LORLS | Extracting Harvard citations from Word documents

Over the years, one question that we’ve had pop up occasionally from academics and library staff is whether we could import reading lists from existing Microsoft Word documents. Many academics have produced course handouts including reading material in Word format and some still do, even though we’ve had a web based reading list system at Loughborough for over a decade now, and a VLE for a roughly similar period.

We’ve always had to say no in the past, because Microsoft Word’s proprietary binary format was very difficult to process (especially on the non-Microsoft platforms we use to host our systems) and we had other, more important development tasks. Also we thought that extracting the variety of citation/bibliography formats that different academics use would be a nightmare.

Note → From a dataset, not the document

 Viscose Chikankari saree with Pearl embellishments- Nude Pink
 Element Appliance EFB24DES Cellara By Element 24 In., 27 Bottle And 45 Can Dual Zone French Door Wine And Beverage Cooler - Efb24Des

However with the new LUMP based LORLS now well bedded in at Loughborough and Microsoft basing the document format of newer versions of Word on XML, we thought we’d revisit the idea and spend a bit of time to see what we could do.

Microsoft Office Word 2007 was introduced as part of the Office 2007 suite using a default file format based on XML, called Office Open XML Format, or OpenXML for short. A Word 2007 document is really a compressed ZIP archive containing a directory structure populated with a set of XML documents conforming to Microsoft’s published XML schemas, as well as any media files required for the documents (images, movies, etc). Most academics are now using versions of Microsoft Word that generate files in this format, which can be identified easily by looking for the “.docx” filename extension.

The XML documents inside the ZIPed .docx archive contain both the text of the document, styling information and properties about the document (ie who created it and when). There’s actually quite a lot of structural information stored as well, which Microsoft explain how to process in order to work out how different parts of the document are related to each other. Some of this is rather complex, but for a simple “proof of concept” what we needed was the actual document text structure. By default this lives in a file called “word/document.xml” inside the ZIP archive.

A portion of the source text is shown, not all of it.